Can you please reproduce the problem and when it occurs, on the controller pendant, set the security level to management, then select from the menu: ROBOT --> SERVO MONITOR. You should see a column indicating FEEDBACK ERROR. I would also like to have a copy of your ALL.PRM, TOOL.DAT, SYSTEM.SYS.

Please e-mail my work address directly. I don't want to post temporary version or data specific to your system directly on this message thread. eric.marcil@motoman.com

gavanderhoorn commented 5 years ago

@EricMarcil: did you ever get to the bottom of this?

EricMarcil commented 5 years ago

I have received the data from @boandlgrama but could not confirm the source of the issue from it. I've also had another customer with a similar issue. We are thinking that it might be related to the robot larger size. But I don't have any large robot at my location to run tests. I'll try to test it when I go to our main office or maybe try to get someone run the tests for me. In the mean time, we've supplied a temporary version of the driver where we've increase the START_MAX_PULSE_DEVIATION to 30. But until I know more, I don't want to make that a permenant change.

gavanderhoorn commented 5 years ago

In the mean time, we've supplied a temporary version of the driver where we've increase the START_MAX_PULSE_DEVIATION to 30. But until I know more, I don't want to make that a permenant change.

No, indeed.

gavanderhoorn commented 5 years ago

256 seems to increase START_MAX_PULSE_DEVIATION (because of the issue reported here?).

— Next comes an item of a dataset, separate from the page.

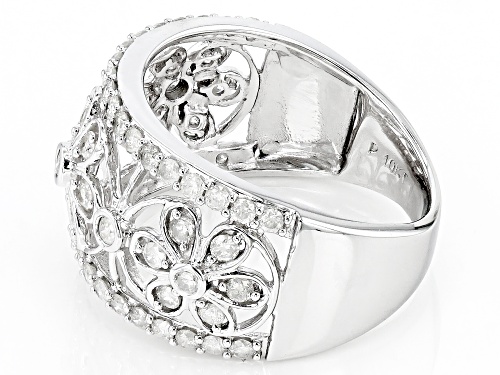 1.00ctw Round White Diamond 10k White Gold Open Design Band Ring - Size 5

ted-miller commented 5 years ago

256 seems to increase START_MAX_PULSE_DEVIATION (because of the issue reported here?).

Yes, there have been multiple reports of this behavior. I haven't been able to identify a root cause. But, I feel that a minor increase to START_MAX_PULSE_DEVIATION isn't going to hurt anything.

gavanderhoorn commented 5 years ago

Going to close this as it is either fixed / worked-around with the merge of #256, or is still an issue but there has not been any activity the past 8 months.

If we get more reports we can always re-open in the future.